Windows Autopilot is a built-in desktop provisioning tool that is exclusive to Windows 10. It empowers IT professionals to automate the image deployment of new desktops with pre-configured settings. With Windows Autopilot, IT teams can set up new desktops to join existing configuration groups and apply pre-defined profiles to enable new users to access fully functional desktops from their initial logon. This simplifies the out-of-box experience (OOBE) for new organizational desktop users.
To use Windows Autopilot, IT must connect the devices to a Microsoft Azure portal and enroll them in Microsoft Windows Azure Active Directory. Once the device or devices are enrolled, IT can assign a desktop image to each user before registering their devices. Once the images are in place, users can log in and input their company credentials for identity verification.
The Windows Autopilot device registration process begins with IT logging a new device’s hardware ID and device type. IT professionals must add this information to their organization’s Windows Autopilot registry in the form of a comma-separated values (CSV) file.
Autopilot allows IT to create custom deployment profiles for each device. Each device requires a Windows Autopilot profile that defines the terms of its desktop deployment.
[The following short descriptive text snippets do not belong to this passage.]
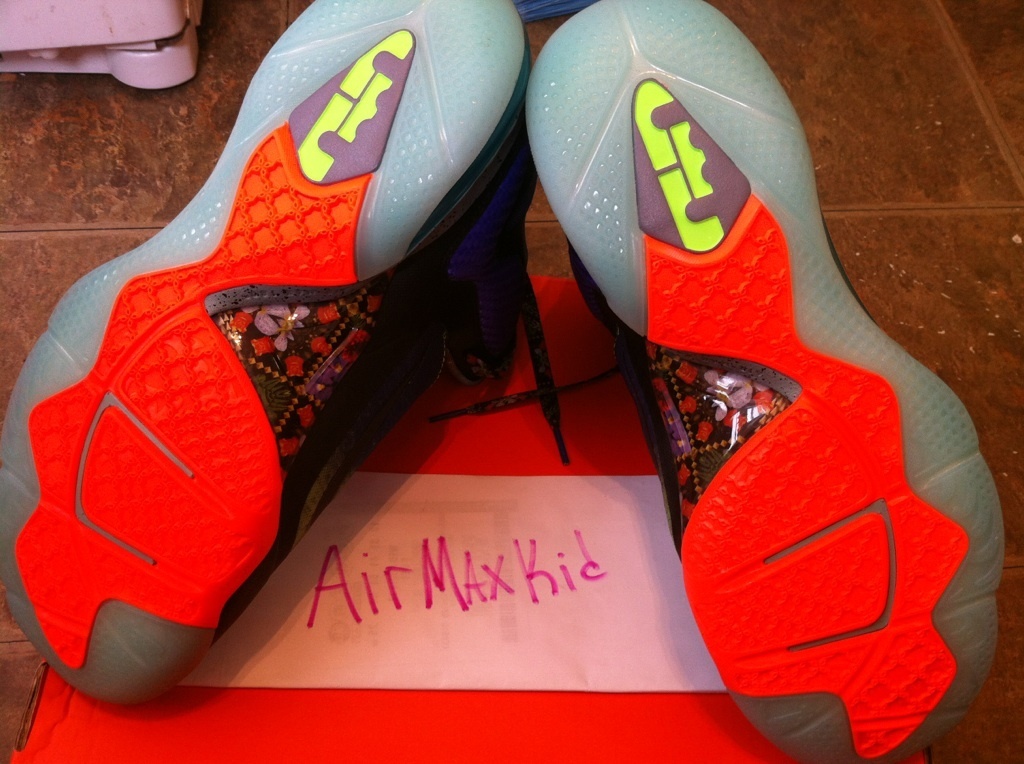 Nike Lebron 9 What The Lebron Ebay 01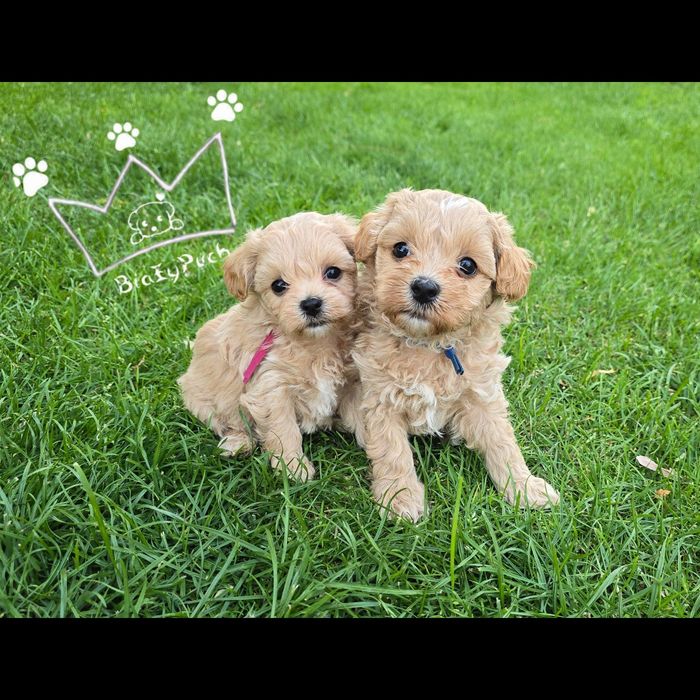 Maltipoo F1 styczeń zapowiedź pudel toy red doodle badania wyprawka pa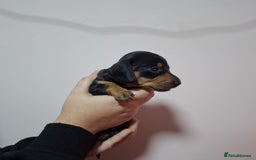 Dachshund dogs for sale: 5 gorgeous Dachsund puppies - Advert 7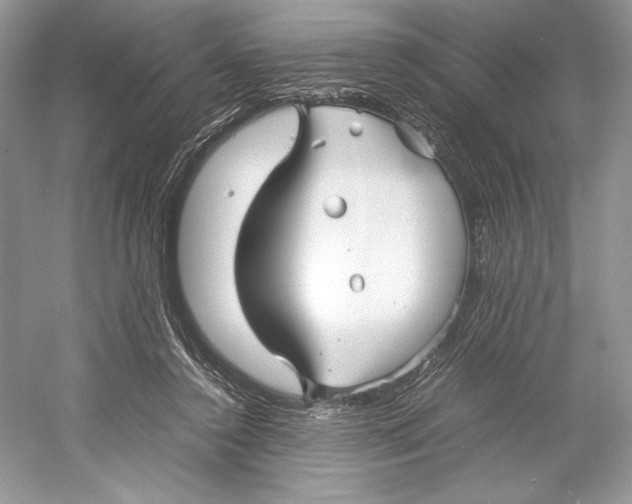 X0000052950356200508050928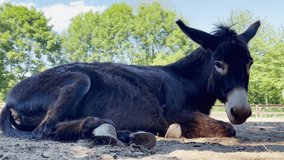 Beautiful portrait of dark brown donkey lying on ground relaxing, low angle view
The profiles can overwrite local desktop administrator privileges, disable Microsoft Cortana and other local applications, apply custom privacy settings, and more.
After defining the profiles for each device, IT professionals should wait for the user to first access the device before taking any further action. Once the user accesses the device and loads the new desktop, IT can perform its typical endpoint management practices.
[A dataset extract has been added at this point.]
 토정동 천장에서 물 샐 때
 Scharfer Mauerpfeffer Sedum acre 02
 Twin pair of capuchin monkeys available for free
Windows Autopilot includes several zero-touch provisioning (ZTP) features, such as a self-deploying mode that provides the simplest experience for the end-user. All users have to do is input their information and watch as the desktop provides updates on their enrollment status.
One of the primary benefits of Windows Autopilot is that IT professionals can quickly deploy profiles to new devices with basic profile settings. The CSV file format for inputting new devices is simple, which enables IT to deploy preset profiles to a large number of devices simultaneously. However, Windows Autopilot does not offer as many desktop profile options as some other configuration tools. Microsoft Configuration Designer, for instance, is a tool designed for provisioning in BYOD use cases that provides a high level of control over each profile by allowing IT to alter more specific configurations. Additionally, Microsoft Intune, which is part of the Microsoft Endpoint Manager tool, provides additional mobile device management options.
IT professionals can use Windows Autopilot in conjunction with other tools to perform different provisioning functions. While Windows Autopilot offers quick configurations and a simple OOBE for end-users, other tools can target more complicated desktop image profiles or profiles for mobile devices.